By Vincent Williams | Posted 10/21/2009

I've been looking forward to Black Dynamite since I first saw the promo writer/star Michael Jai White put together last year. Not so much a spoof as a homage, the film looks like a lovingly recreated black action film from the '70s, with, among other features, pitch perfect costuming, that strange '70s fetishization of martial arts, and a plot involving getting dope out of the neighborhoods. As a longtime fan of films from the period, it seemed like a perfect project and one I'd enjoy. So I was a little concerned with Fred Williamson's resistance to the movie.

During an interview with journalist Lee Bailey, the famed athlete-turned-actor said, as a comedy, Black Dynamite can't be a tribute to him because, "I don't do comedy." And I think there's something to that. So many of the black films from the '70s, aka "blaxploitation" films, have never gotten the respect they deserve and, from Williamson's point of view, I understand his sensitivity.

Like many people, my first real exposure to '70s flicks was in the dorm room, surrounded by my peers and cheap alcohol. I spent many a night watching over-the-top spectacles like Dolemite and Three The Hard Way and J.D.'s Revenge. Oh, I laughed at the clothes and the scripts and the plots (seriously, J.D.'s Revenge is about a mild-mannered college student who gets possessed by the spirit of a murdered pimp, picks up new prostitutes, avenges his own murder, and, well, you should see it). We all had a grand old time at the expense of the artists who participated in them, and we had blaxploitation nights, and, to this day, all of it is the butt of any number of jokes.

But then, by myself and without the booze, I watched and admired black '70s dramas like Claudine and Black Girl that spoke to the post-civil-rights-movement experiences of African-Americans with more detail and attention than most films have since. I marveled at the comedic craftsmanship of films like my beloved Sidney Poitier/Bill Cosby trilogy Uptown Saturday Night, Let's Do It Again, and A Piece of the Action, or the biting satire of Watermelon Man. And, while films like Chinatown and The French Connection are justifiably celebrated, I think both of the films based on the adventures of Chester Himes' classic detective characters Coffin Ed Johnson and Gravedigger Jones, Come Back, Charleston Blue and Cotton Comes to Harlem, have been criminally overlooked in the same tradition.
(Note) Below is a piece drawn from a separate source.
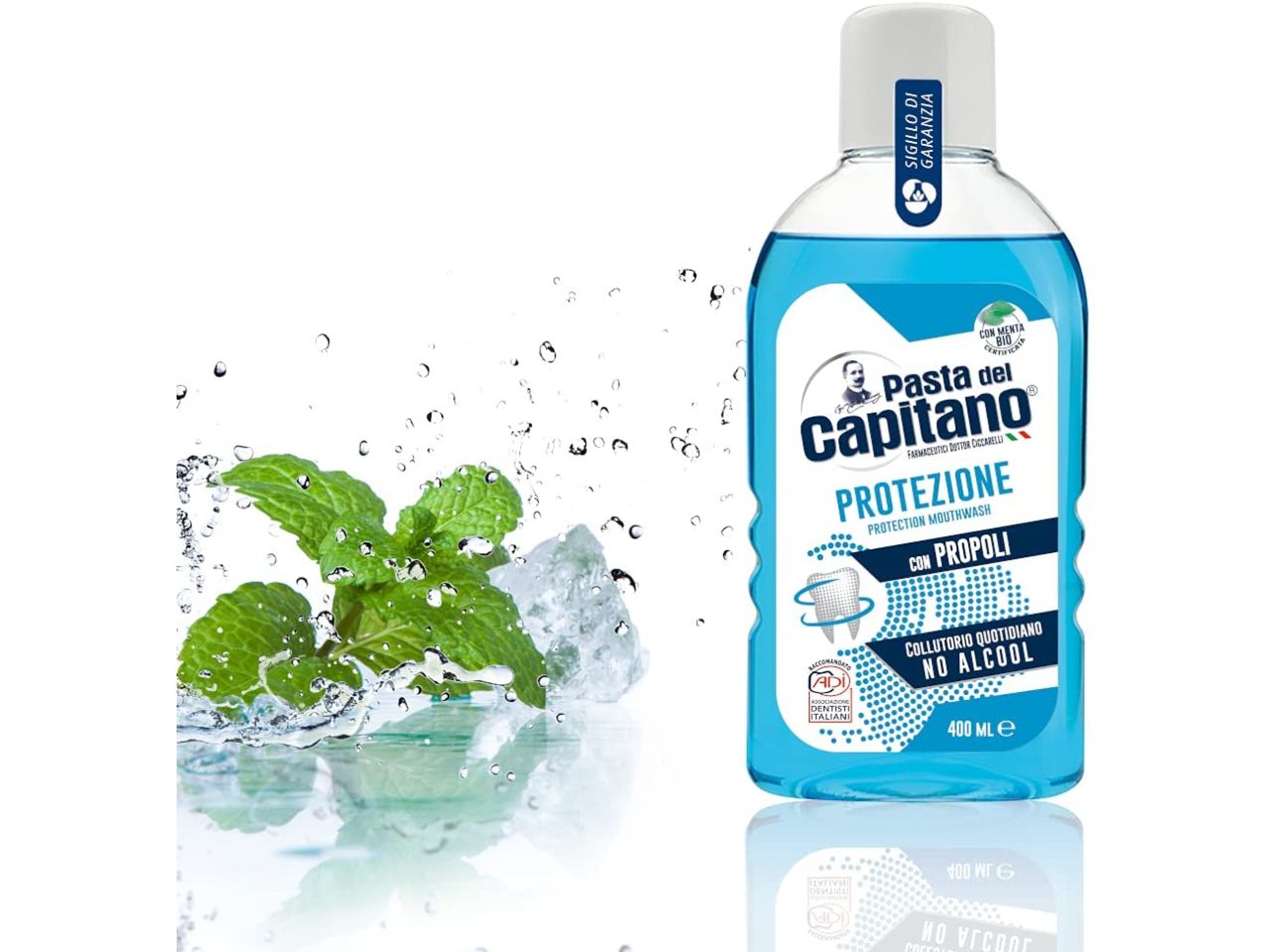 Capitano colluttorio 400ml protezione $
And, as much as we've all obsessed over the original Shaft, I've always thought that Shaft's Big Score! was an underrated noir-ish movie.

Yes, there were bad black movies made in the '70s. As they began to make money, it seemed like a non-caring producer threw together some foolish slop every couple of weeks. I love Jim Brown as much as the next person, but the Slaughter films . . . were not very good. And, since I've been married and had a daughter, I actually feel kind of skeevy every time I watch Coffy or Sheba, Baby or, well, the vast majority of the movies Pam Grier made where she "went undercover as a hooker" or had her clothes ripped off . . . again.
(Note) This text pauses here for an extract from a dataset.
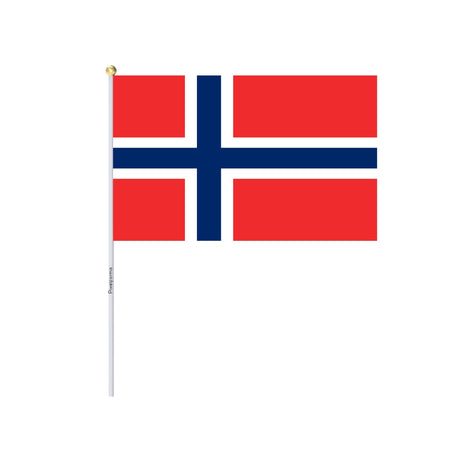 Mini Bouvet Island Flag in Multiple Sizes 100% Polyester - Pixelforma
The problem is that all of the films have become conflated in the minds of the public. No one differentiates between the good movies and the bad ones; anything made during the '70s that features characters with afros is automatically viewed as disposable blaxploitation. And, over the years, actors like Fred Williamson have been very vocal about their dismay at the mischaracterization. To Williamson, this was a period that, for the first time, black people onscreen got to be heroes and save the day and get the girl. And he has a point. Arguably, without the efforts of actors such as Richard Roundtree, Brown, and Williamson, there would be no Denzel Washington or Will Smith. And instead of acknowledging the link between these generations of black actors, we've made this era of films into a punchline.
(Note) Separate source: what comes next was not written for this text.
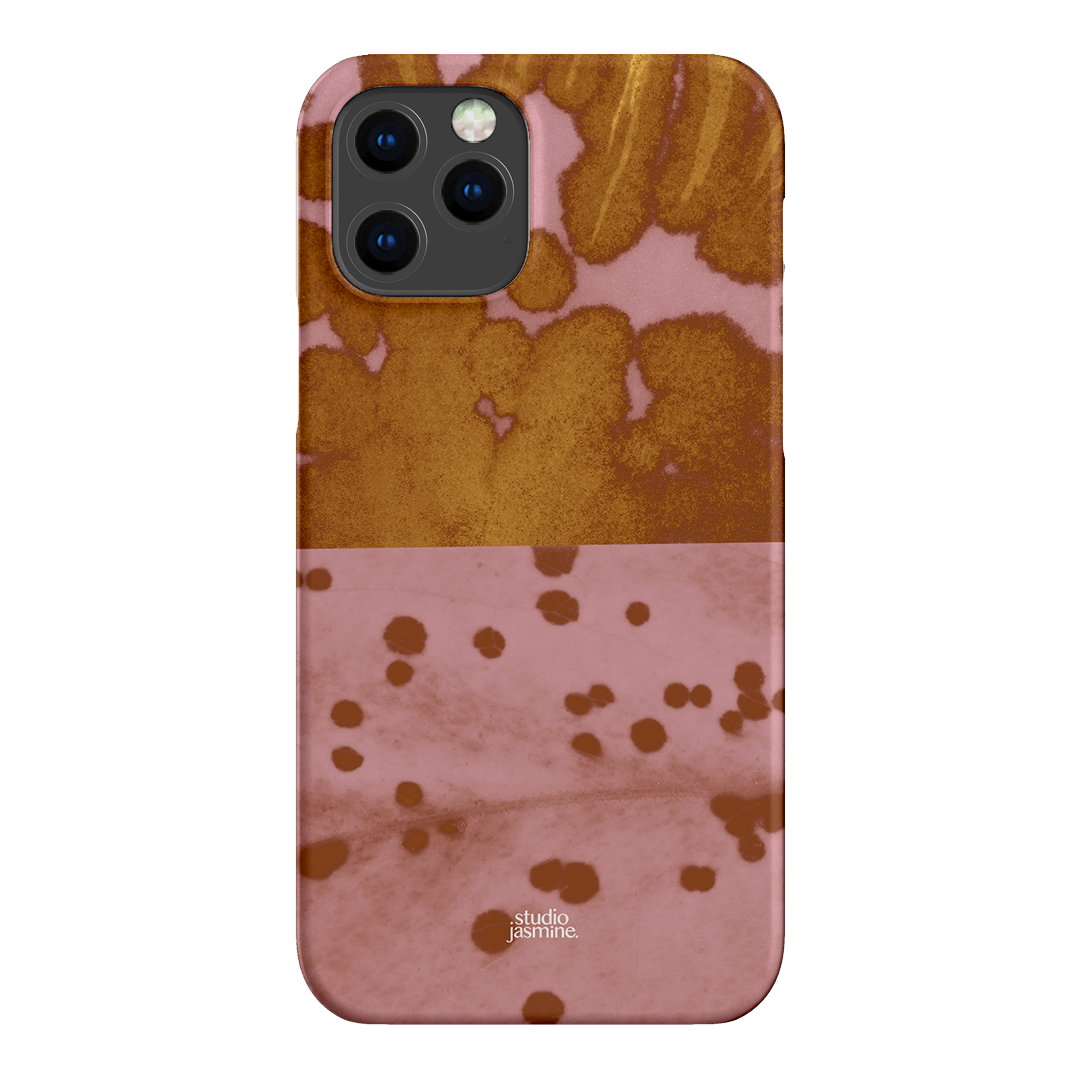 Copper Petal Printed Phone Cases iPhone 12 Pro / Snap by Jasmine Dowling - The Dairy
And, to Williamson, regardless of its intentions, White's comedy continues in that tradition of disrespect. Certainly, other genres of film have been spoofed, but I think the difference is that for every spoof of white '70s films--the Beastie Boys' "Sabotage" video, for example--there are a dozen remakes that treat the period with respect. The only time we discuss the film work of people like Williamson is to make jokes. I'm still going to see Black Dynamite but, I have to admit, I don't know if I'm going to laugh as much.